• [^] # Re: Jeu de postures

    Posté par (site web personnel) . En réponse au journal Les syndicats mentent-ils ?. Évalué à 7.

    Algorithme, si tu préfères.

    Je préfèrerais "cadre", "paradigme", voire "vision du monde", moins mécanistes que "logiciel" ou "algorithme", mais peu importe.

    C'est le terme employé par exemple par Lê NGuyen, par exemple. Le Hooligan est celui qui refuse par principe l'idée de modifier son avis face à un raisonnement légitime : il renonce à son libre arbitre (du moins, il renonce à l'idée que son libre arbitre puisse être éclairé).

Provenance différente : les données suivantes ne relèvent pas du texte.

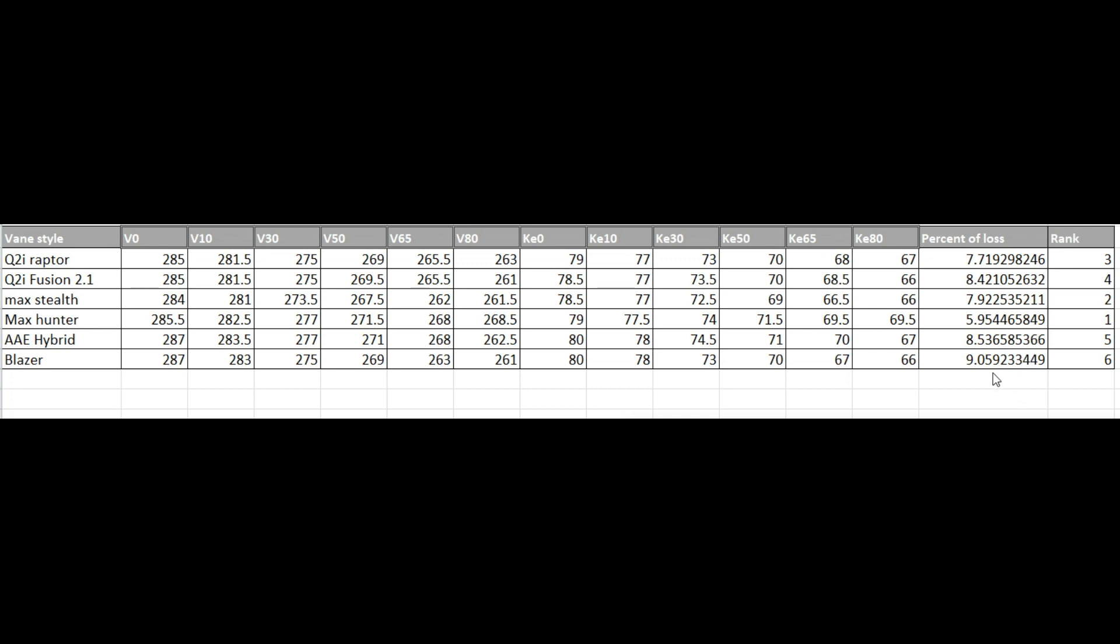But if you really look at it, except for the Max Hunter, you know, five, six, four, and even three are pretty much within a percent of each other. But this is a much bigger jump up. So I was pretty impressed with that number. Hopefully I can make the Max Hunters steer the vanes as, or excuse me, steer the broadheads as well as the Blazers do.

    Je ne sais pas qui est Lê Nguyen, et, malgré une recherche rapide, n'ai pas trouvé à qui tu faisais référence.
    La figure du hooligan me semble davantage renvoyer à la violence aveugle commise en bande qu'au libre arbitre en temps de tel. Par ailleurs, nous parlons ici de questions tactiques ou stratégiques - je ne sais pas si un sujet collectif est doté de "libre arbitre", ni même si le "libre arbitre" n'est pas, dans ce cas, le masquage de l'imposition d'une conduite (c'est-à-dire le pouvoir) donnée par la mise en avant d'une prétendue autonomie ("faire preuve de libre arbitre, c'est penser en mes termes"). N'oublions pas, encore une fois, qu'il s'agit ici d'une question tactique ou stratégique : dans un conflit syndical, il s'agit, pour l'une ou l'autre des parties, de gagner. L'accord éventuel entre les deux est un moyen de différer ou de neutraliser le conflit, pas un préalable (sinon, à quoi bon convoquer plusieurs parties ?).

    J'utilise le concept de radicalisation pour décrire une démarche intellectuelle qui ne peut aboutir qu'à un mouvement continu vers des idées dont le rapport à la réalité est de plus en plus ténu.

    C'est pourtant, en aparté, l'exact opposé de l'étymologie du terme (la racine, pas le ciel).

    Pour reprendre l'exemple de la discussion précédente, il semble que le concept de lutte des classes entraine facilement vers un raisonnement radicalisé : si quelqu'un pense que la lutte des classes n'est pas réelle, alors c'est quelqu'un de l'autre classe qui essaye de te corrompre en te faisant croire que la lutte des classes n'existe pas, ce qui prouve bien que la lutte des classes existe.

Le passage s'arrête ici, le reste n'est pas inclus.